TERMS FOR INSURANCE PAYMENTS MADE BY CLIENTS OF DIFFERENT CATEGORIES

1. Complete insurance payment made by an individual. 2. Complete insurance payment made by an enterprise or from budgetary funds.

3. Insurance payment shared by an individual and an enterprise or the State budget.

PAYMENT METHODS

1. The initial fee is no less than 70% of the sum insured at the time of concluding the insurance contract, with the subsequent distribution of the remainder over the course of the duration of the contract.

2. Immediate payment of the total sum insured at the time of concluding the insurance contract (for 1992).

FORMS OF PAYMENT TRANSACTIONS:

- cash payments made to the insurance company; - non-cash transfers from personal bank deposits of citizens; - non- cash transfers made by enterprises and organizations, including state-owned ones;

- non-cash foreign currency transfers made by organizations and individuals to the foreign currency account of the insurance company.

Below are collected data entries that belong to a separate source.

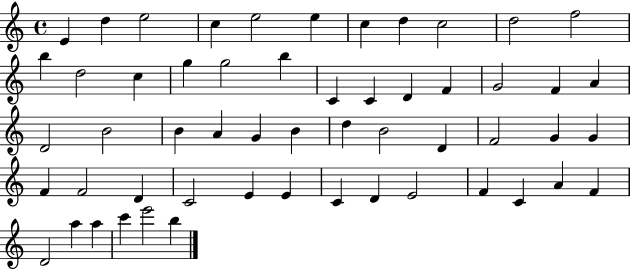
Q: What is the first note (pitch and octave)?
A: E4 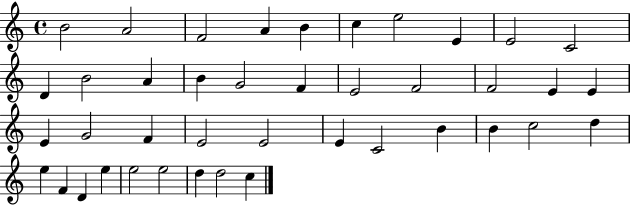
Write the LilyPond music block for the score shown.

{
  \clef treble
  \time 4/4
  \defaultTimeSignature
  \key c \major
  b'2 a'2 | f'2 a'4 b'4 | c''4 e''2 e'4 | e'2 c'2 | \break d'4 b'2 a'4 | b'4 g'2 f'4 | e'2 f'2 | f'2 e'4 e'4 | \break e'4 g'2 f'4 | e'2 e'2 | e'4 c'2 b'4 | b'4 c''2 d''4 | \break e''4 f'4 d'4 e''4 | e''2 e''2 | d''4 d''2 c''4 | \bar "|."
} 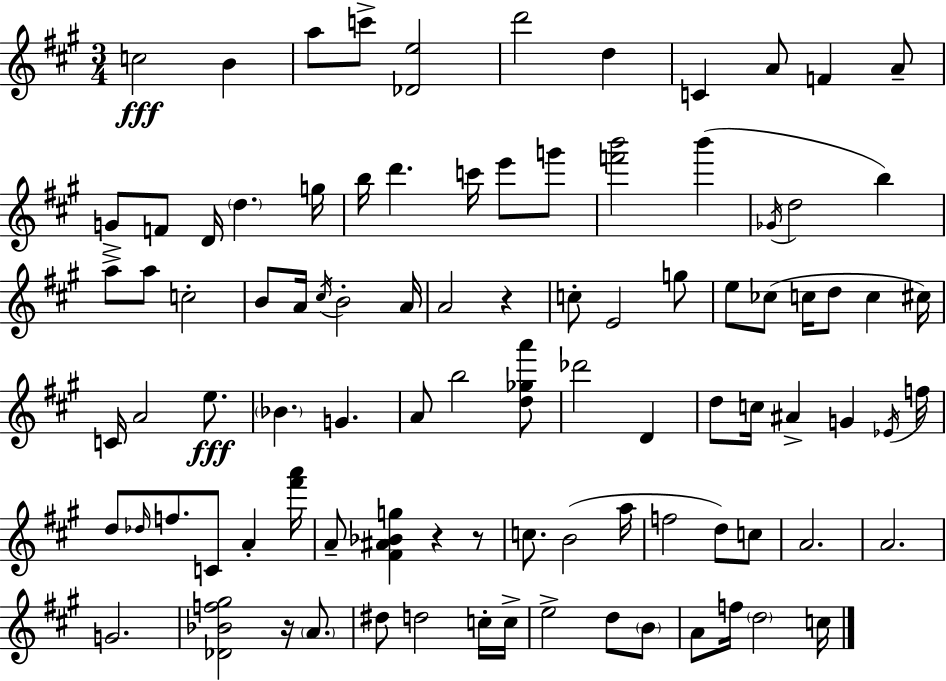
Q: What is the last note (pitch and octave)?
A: C5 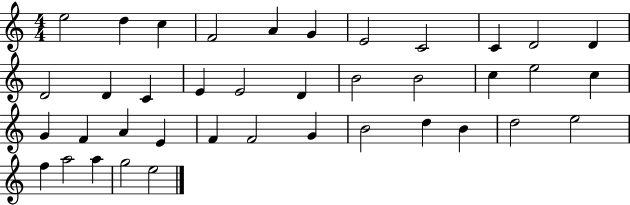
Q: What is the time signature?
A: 4/4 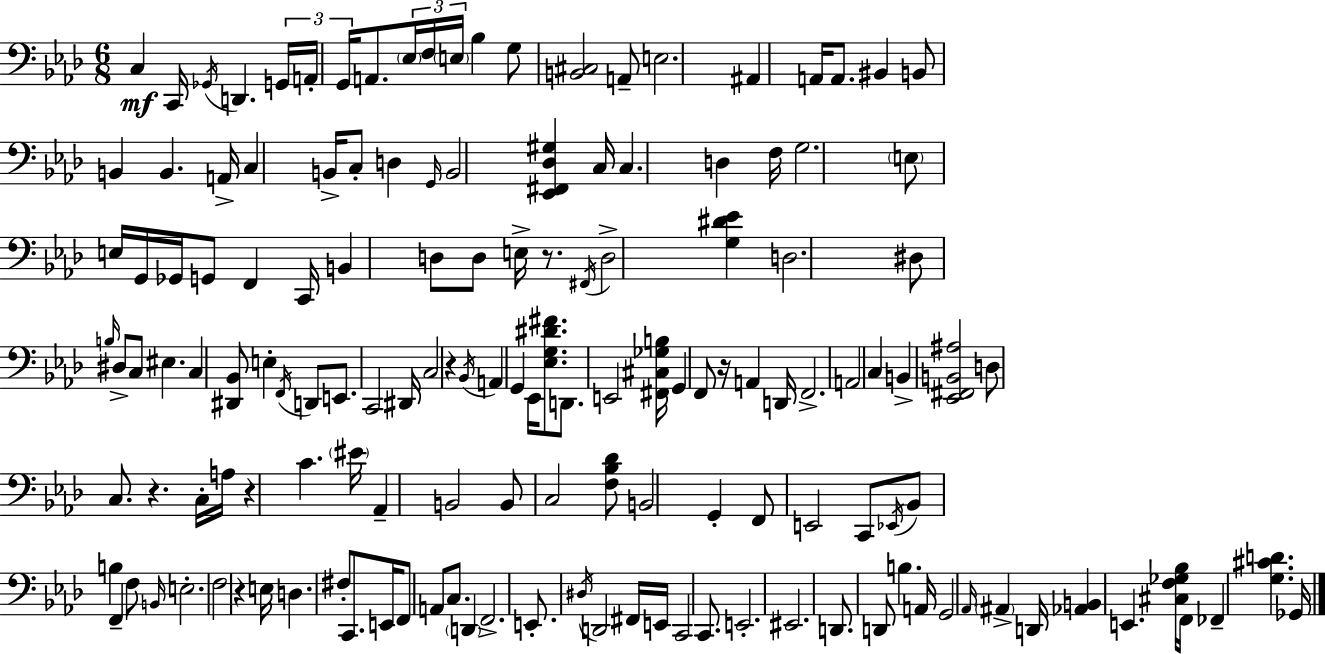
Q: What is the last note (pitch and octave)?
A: Gb2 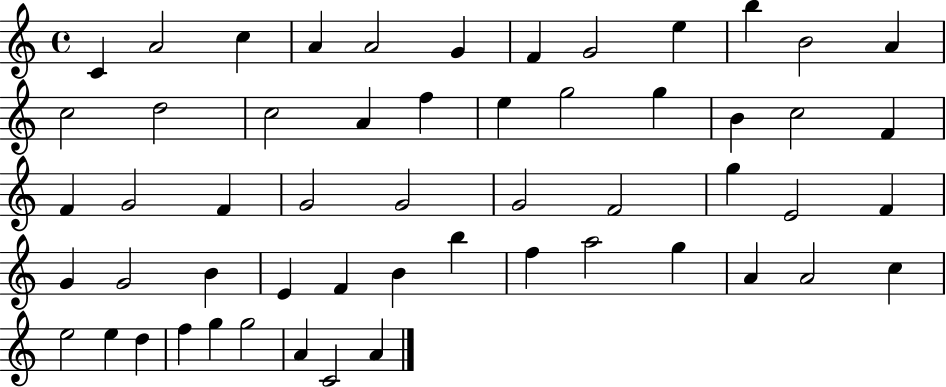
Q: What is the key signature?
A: C major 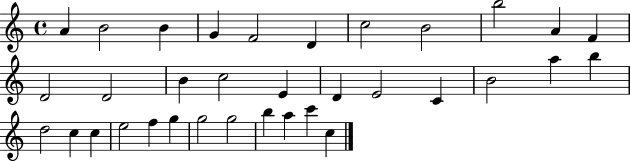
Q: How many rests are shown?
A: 0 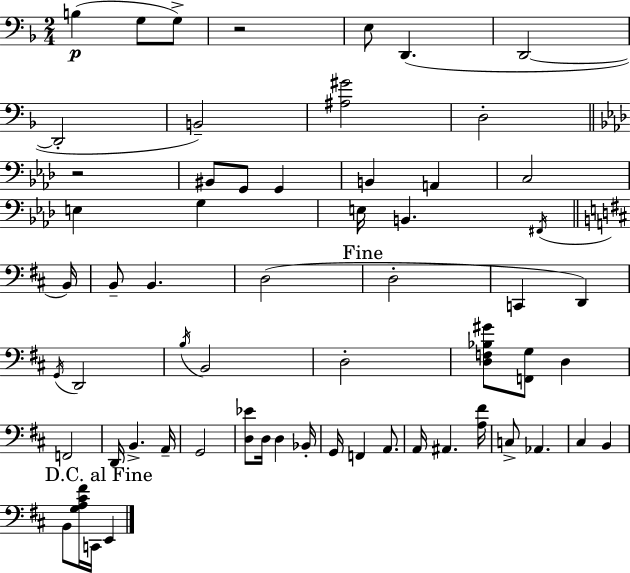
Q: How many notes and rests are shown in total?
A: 61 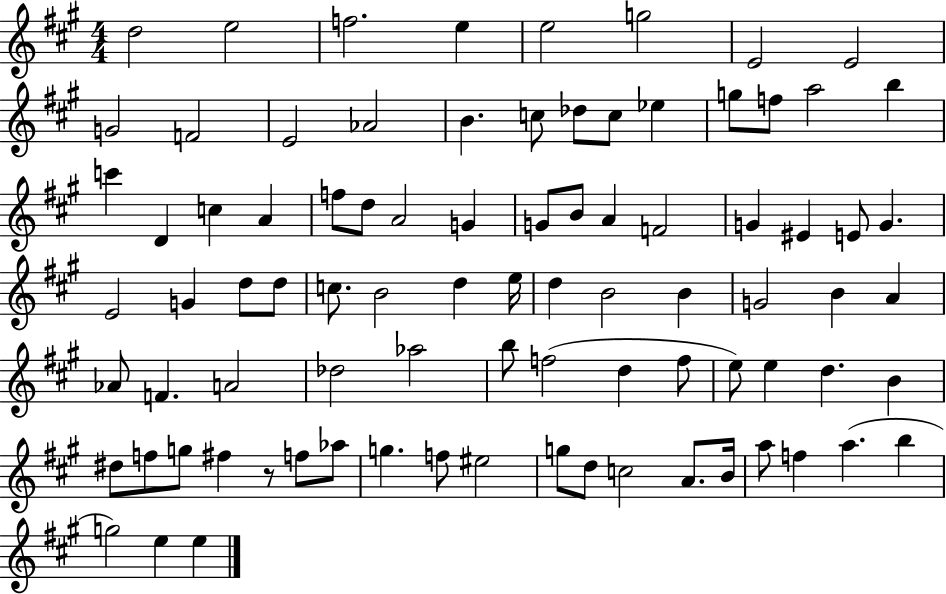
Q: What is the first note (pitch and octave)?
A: D5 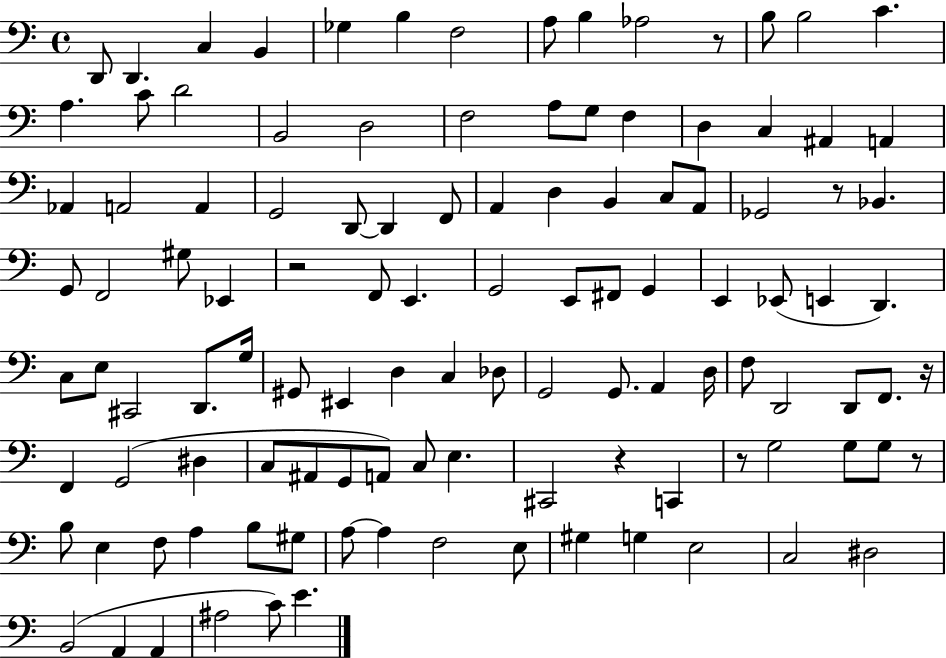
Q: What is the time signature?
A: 4/4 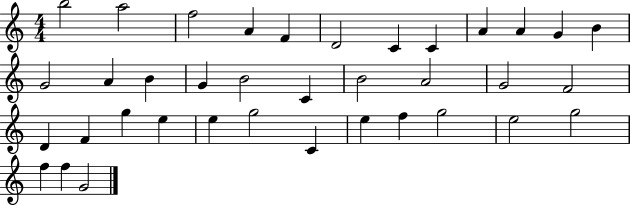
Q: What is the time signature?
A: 4/4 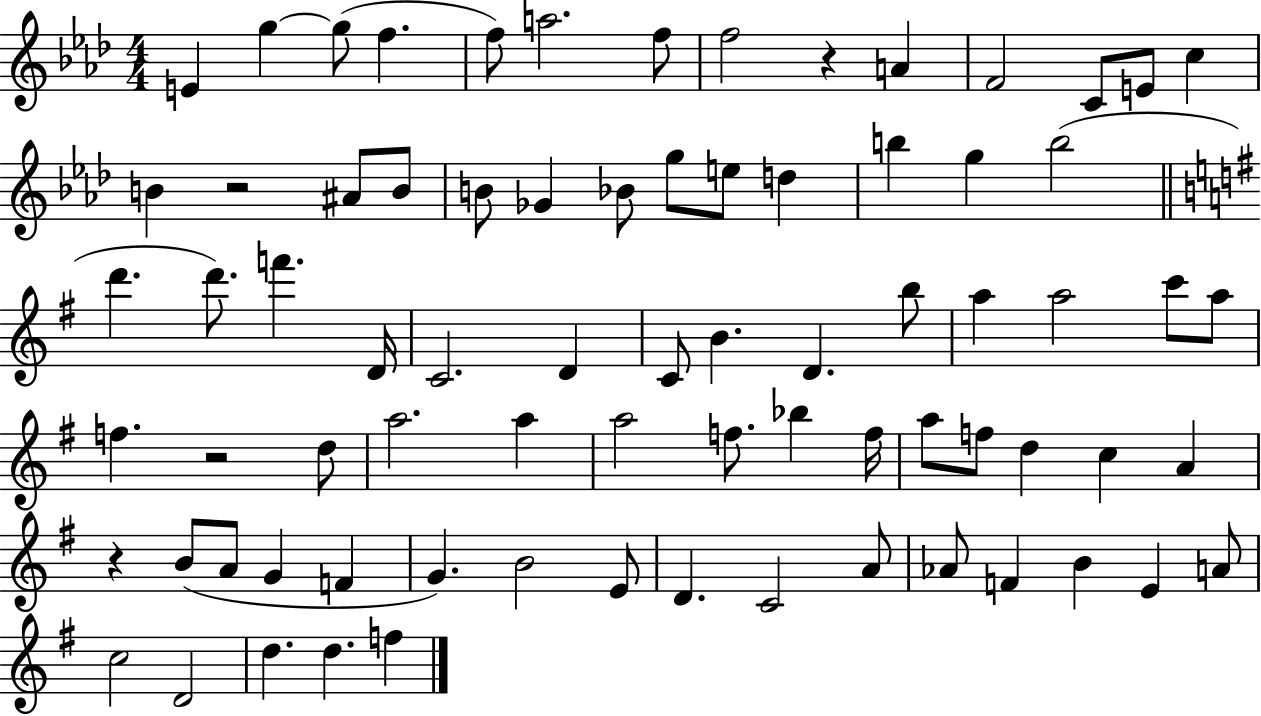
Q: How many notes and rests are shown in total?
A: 76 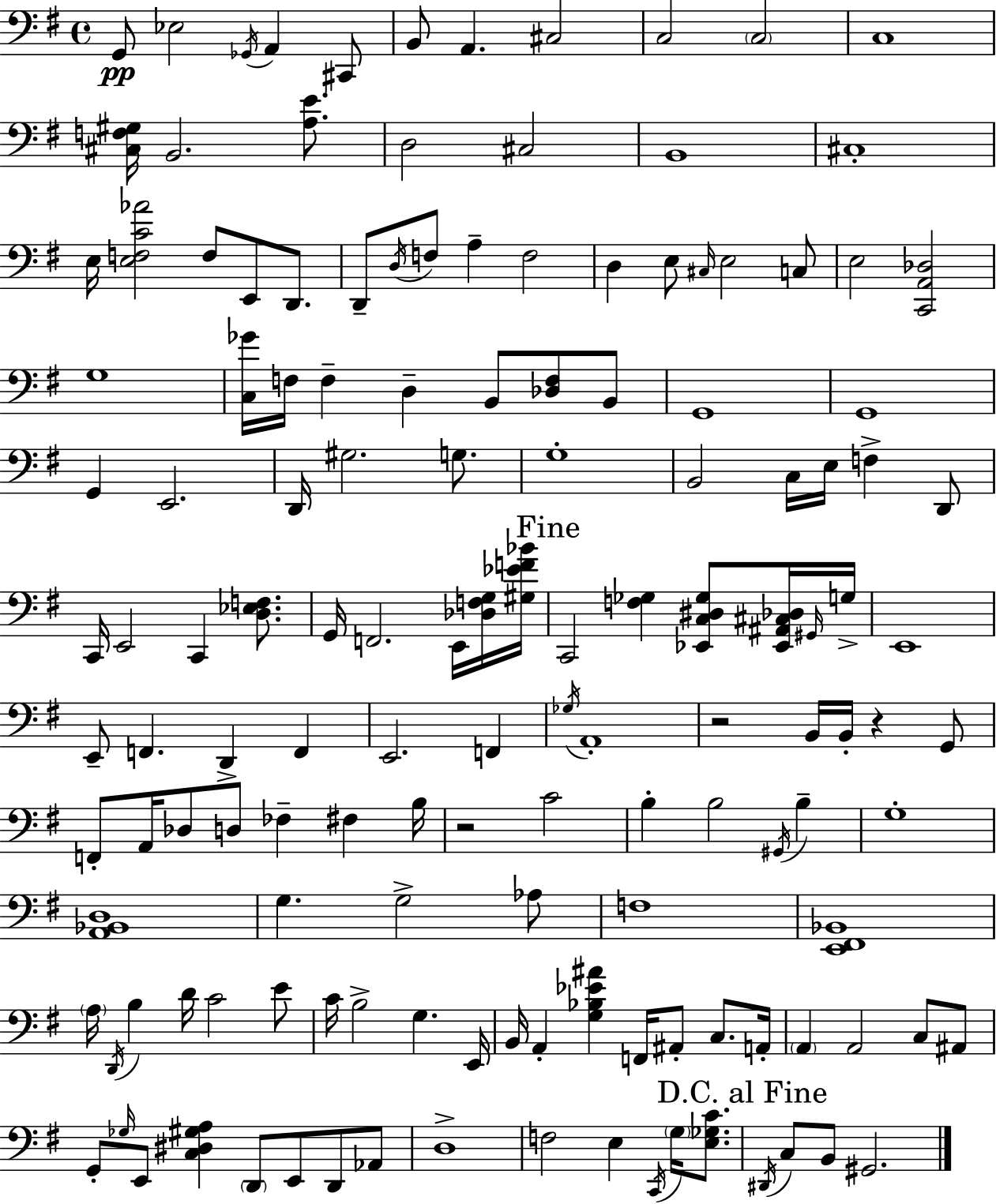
X:1
T:Untitled
M:4/4
L:1/4
K:Em
G,,/2 _E,2 _G,,/4 A,, ^C,,/2 B,,/2 A,, ^C,2 C,2 C,2 C,4 [^C,F,^G,]/4 B,,2 [A,E]/2 D,2 ^C,2 B,,4 ^C,4 E,/4 [E,F,C_A]2 F,/2 E,,/2 D,,/2 D,,/2 D,/4 F,/2 A, F,2 D, E,/2 ^C,/4 E,2 C,/2 E,2 [C,,A,,_D,]2 G,4 [C,_G]/4 F,/4 F, D, B,,/2 [_D,F,]/2 B,,/2 G,,4 G,,4 G,, E,,2 D,,/4 ^G,2 G,/2 G,4 B,,2 C,/4 E,/4 F, D,,/2 C,,/4 E,,2 C,, [D,_E,F,]/2 G,,/4 F,,2 E,,/4 [_D,F,G,]/4 [^G,_EF_B]/4 C,,2 [F,_G,] [_E,,C,^D,_G,]/2 [_E,,^A,,^C,_D,]/4 ^G,,/4 G,/4 E,,4 E,,/2 F,, D,, F,, E,,2 F,, _G,/4 A,,4 z2 B,,/4 B,,/4 z G,,/2 F,,/2 A,,/4 _D,/2 D,/2 _F, ^F, B,/4 z2 C2 B, B,2 ^G,,/4 B, G,4 [A,,_B,,D,]4 G, G,2 _A,/2 F,4 [E,,^F,,_B,,]4 A,/4 D,,/4 B, D/4 C2 E/2 C/4 B,2 G, E,,/4 B,,/4 A,, [G,_B,_E^A] F,,/4 ^A,,/2 C,/2 A,,/4 A,, A,,2 C,/2 ^A,,/2 G,,/2 _G,/4 E,,/2 [C,^D,^G,A,] D,,/2 E,,/2 D,,/2 _A,,/2 D,4 F,2 E, C,,/4 G,/4 [E,_G,C]/2 ^D,,/4 C,/2 B,,/2 ^G,,2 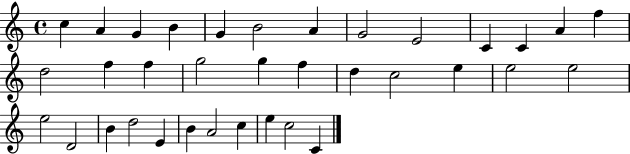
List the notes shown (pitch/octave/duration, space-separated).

C5/q A4/q G4/q B4/q G4/q B4/h A4/q G4/h E4/h C4/q C4/q A4/q F5/q D5/h F5/q F5/q G5/h G5/q F5/q D5/q C5/h E5/q E5/h E5/h E5/h D4/h B4/q D5/h E4/q B4/q A4/h C5/q E5/q C5/h C4/q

FINANCIAL RELATIONSHIP BETWEEN THE INSURANCE COMPANY AND THE MEDICAL CENTRE

- payment of the accounts of medical institutions and medical centres is made at the rates fixed by the insurance company, and is determined by the extent of services provided;

- the medical centre is financed by non-cash transfers upon submission of monthly accounts to the insurance company.

The administration of the medical centre can pay non- accredited specialists, as a bonus, part of the financial funds received for services provided.

LIABILITY OF THE PARTIES

Liability of the parties is determined by contracts between: - the insured party and the insurer; and - the insurer and the medical centre.

The parties are juridically and financially liable in accordance with the legislation in force and the terms of the contract.